No Estádio Cidade de Barcelos, os gilistas entraram melhor e tiveram maior ascendente no primeiro tempo, mas o conjunto setubalense conseguiu após algumas rectificações feitas ao intervalo, equilibrar a contenda. Por esse motivo, a igualdade registada acaba por ser um prémio para os dois emblemas face à parca qualidade de jogo apresentada durante os 90 minutos.

O timoneiro do Vitória tentou surpreender o oponente ao regressar ao sistema de 4x3x3 que já tinha apresentado aquando do jogo com o FC Porto no Estádio do Dragão. Em relação ao duelo de há uma semana com o Moreirense, a novidade foi a inclusão de Berto em detrimento de Carlinhos. Já os gilistas, que no seu reduto tinham vencido os dragões (2-1) e empatado (1-1) com o Braga, tiveram Samuel Lino e Sandro Lima como novidades.

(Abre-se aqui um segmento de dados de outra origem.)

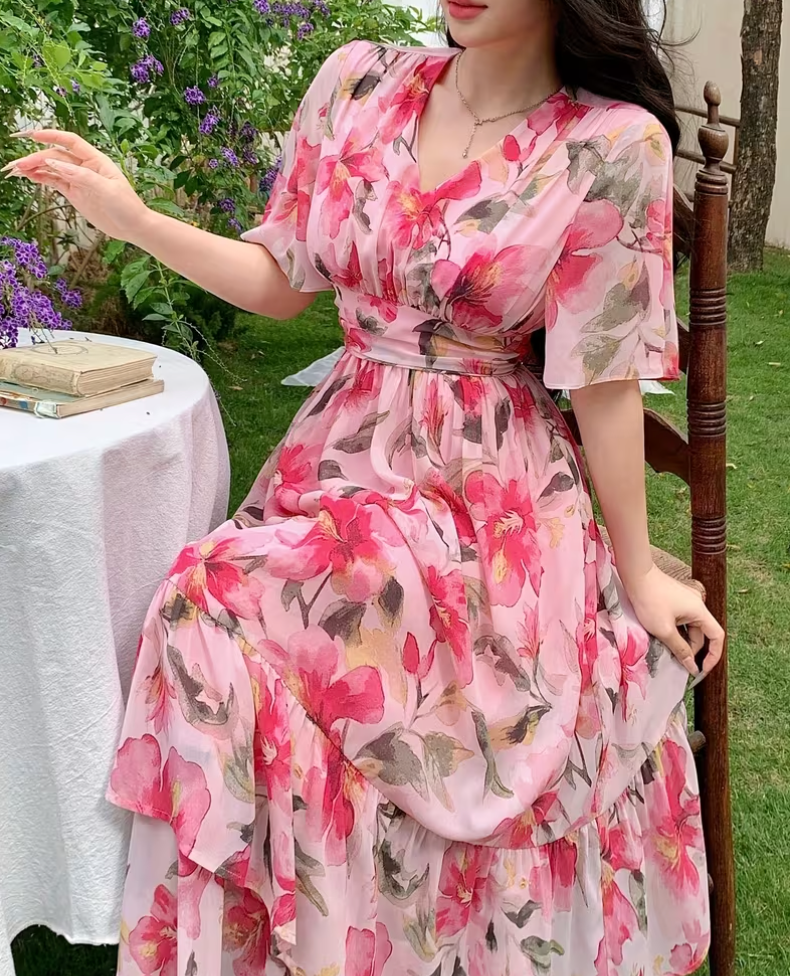 Women’s Summer Floral Print Dress | Blush Pink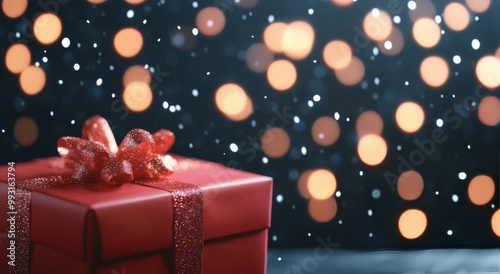 A beautifully wrapped red gift box with a glittery ribbon set against a blurred bokeh background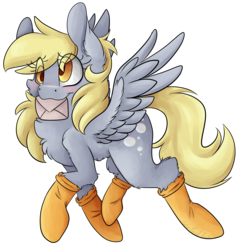 Size: 4549x4586 | Tagged: safe, artist:cutepencilcase, derpy hooves, pegasus, pony, absurd resolution, blushing, chest fluff, clothes, female, fluffy, letter, mare, mouth hold, simple background, socks, solo, spread wings, transparent background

Invicto diante dos seus adeptos, os pupilos de Vítor Oliveira procuraram tomar conta da partida desde cedo, impondo dinamismo na construção ofensiva e agressividade na reacção à perda, mas não foi capaz de ultrapassar a muralha setubalense. Sandro Lima, aos 13 minutos, num remate torto, e a cabeça de Lourency, aos 19, desviando por cima da barra de Makaridze, deixaram avisos antes do lance de maior aflição em que o defesa Artur Jorge cortou a bola quase em cima da linha de golo.

À procura do primeiro festejo no campeonato, a equipa de Sandro Mendes conseguiu reagir e equilibrar as operações no segundo tempo. A subida das linhas para sacudir a pressão minhota e tentar transmitir outra acutilância no último terço só não deu frutos devido à falta de discernimento e consistência para mais e melhor.

Aos 57 minutos, Zequinha foi o primeiro a testar a atenção do guarda-redes da formação da casa, que defendeu para canto. O Gil Vicente tentou responder, mas o cabeceamento de Kraev foi superiormente travado pelo guardião georgiano Makaridze. O maior atrevimento dos vitorianos conheceu novo capítulo aos 79 minutos, momento em que Éber Bessa, de livre direto, obrigou o guarda-redes Denis a aplicar-se. Na recarga, Hachadi, que voltou a ser perdulário, não conseguiu atirar a bola para o fundo da baliza gilista.

À medida que o encontro caminhava para o final, Gil Vicente e Vitória preferiram conservar o rigor defensivo em vez de partir em busca do golo do triunfo, confirmando dessa forma o nulo que mantém os sadinos sem facturar nas primeiras quatro rondas da I Liga, algo que não acontecia no clube, a contar para o escalão principal, desde 1939/40.

 

Sandro Mendes: «Estivemos bastante melhor na segunda parte»

 

“Tivemos alguma dificuldade na primeira parte em fechar espaços no interior e o Gil Vicente criou-nos alguns problemas. Ao intervalo, retificámos, a equipa deu uma excelente resposta e criámos algumas oportunidades. Não fizemos golos, mas estivemos bastante melhor na segunda parte.

Há muito ruído e infelizmente somos obrigados a ouvir. Estes jogadores são excelentes profissionais e deram provas disso com um empenho muito grande, uma vontade e um querer, a espaços a jogarem bem, com dinâmica na procura do golo. Infelizmente, não foi desta [que marcámos], mas há que trabalhar, potenciar e rectificar aquilo que não estamos a conseguir fazer. Acho que também somos uma equipa à qual é difícil fazer golos.”